Project title: Quantitative Microbial Risk Assessment of Methicillin-resistant Staphylococcus aureus Present in Swine Confined Animal Feeding Operations
Completed in: 2010
Background: The use of antibiotics in swine confined animal feeding operations (CAFOs) is believed to be contributing to an increasing prevalence of antibiotic resistant bacteria in the swine population, and in the facilities. Antibiotic resistant bacteria in these CAFOs pose both an occupational threat and community threat. Among the resistant bacteria found when sampling swine CAFOs, methicillin-resistant Staphylococcus aureus (MRSA) is of highest concern. MRSA has been cultured from both swine and swine workers in the Netherlands, Canada and the United States. Additionally, antibiotic resistant bacteria have been reported as far as 300m downwind of CAFOs.

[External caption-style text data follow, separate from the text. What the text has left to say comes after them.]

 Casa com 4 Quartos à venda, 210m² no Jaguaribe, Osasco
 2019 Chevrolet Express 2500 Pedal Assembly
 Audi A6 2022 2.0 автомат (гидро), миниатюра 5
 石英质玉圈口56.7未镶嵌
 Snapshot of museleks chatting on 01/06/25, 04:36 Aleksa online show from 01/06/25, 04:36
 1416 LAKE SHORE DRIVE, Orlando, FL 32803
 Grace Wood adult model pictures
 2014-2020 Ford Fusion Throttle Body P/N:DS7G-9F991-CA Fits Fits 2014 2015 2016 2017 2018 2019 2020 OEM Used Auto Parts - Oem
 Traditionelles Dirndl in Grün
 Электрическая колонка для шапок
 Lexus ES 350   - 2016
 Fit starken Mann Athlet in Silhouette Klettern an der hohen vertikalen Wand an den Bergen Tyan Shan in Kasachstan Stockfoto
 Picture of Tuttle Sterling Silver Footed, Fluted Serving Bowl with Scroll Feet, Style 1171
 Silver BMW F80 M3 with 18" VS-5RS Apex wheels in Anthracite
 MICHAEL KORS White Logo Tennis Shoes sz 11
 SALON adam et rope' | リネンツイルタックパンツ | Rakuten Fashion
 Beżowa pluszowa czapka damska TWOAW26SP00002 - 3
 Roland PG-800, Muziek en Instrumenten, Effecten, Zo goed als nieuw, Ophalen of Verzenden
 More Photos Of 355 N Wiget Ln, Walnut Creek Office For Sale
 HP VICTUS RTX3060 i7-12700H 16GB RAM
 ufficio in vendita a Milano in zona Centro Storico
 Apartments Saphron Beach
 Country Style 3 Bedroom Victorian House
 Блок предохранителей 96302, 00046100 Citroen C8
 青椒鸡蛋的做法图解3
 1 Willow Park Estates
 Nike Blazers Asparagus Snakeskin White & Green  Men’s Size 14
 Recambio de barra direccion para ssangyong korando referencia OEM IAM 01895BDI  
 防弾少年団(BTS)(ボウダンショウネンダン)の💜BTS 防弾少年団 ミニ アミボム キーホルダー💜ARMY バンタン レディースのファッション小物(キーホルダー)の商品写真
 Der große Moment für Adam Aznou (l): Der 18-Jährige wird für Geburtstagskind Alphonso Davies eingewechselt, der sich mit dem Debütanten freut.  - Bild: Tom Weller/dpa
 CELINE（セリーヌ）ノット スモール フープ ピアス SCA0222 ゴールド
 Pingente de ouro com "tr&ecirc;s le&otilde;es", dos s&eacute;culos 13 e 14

Methods: In this study, we assessed the risks posed to worker health by applying quantitative microbial risk assessment (QMRA) to MRSA in swine CAFOs. Probabilistic 2D modeling was used to characterize routes of exposure to swine workers during a typical work-day and a Beta-Poisson model was used to predict the dose-response of MRSA colonization. We parameterized our exposure model using data from peer-reviewed literature on CAFO bioaerosol concentrations, inhalation rates for laborers, fomite transfer rates, die-off of MRSA, etc. We parameterized the dose-response model based on data from S. aureus inoculation trials in humans.
Results: A model has been developed to measure swine worker exposure and assess the risk of colonization. Workers are potentially exposed, through inhalation and fomite-to-hand transfer with autoinoculation, to as much as 108 CFU of MRSA within an average workday in the swine confinement building. The predicted risk of colonization is much higher than seen in available epidemiology data. QMRA was also effective in identifying data gaps in the current peer-reviewed literature.
Conclusions: Swine workers are at high risk for colonization with MRSA and further attention is needed in evaluating possible interventions. Inevitable uncertainty present in this QMRA highlights the need to conduct further research to fill necessary data gaps.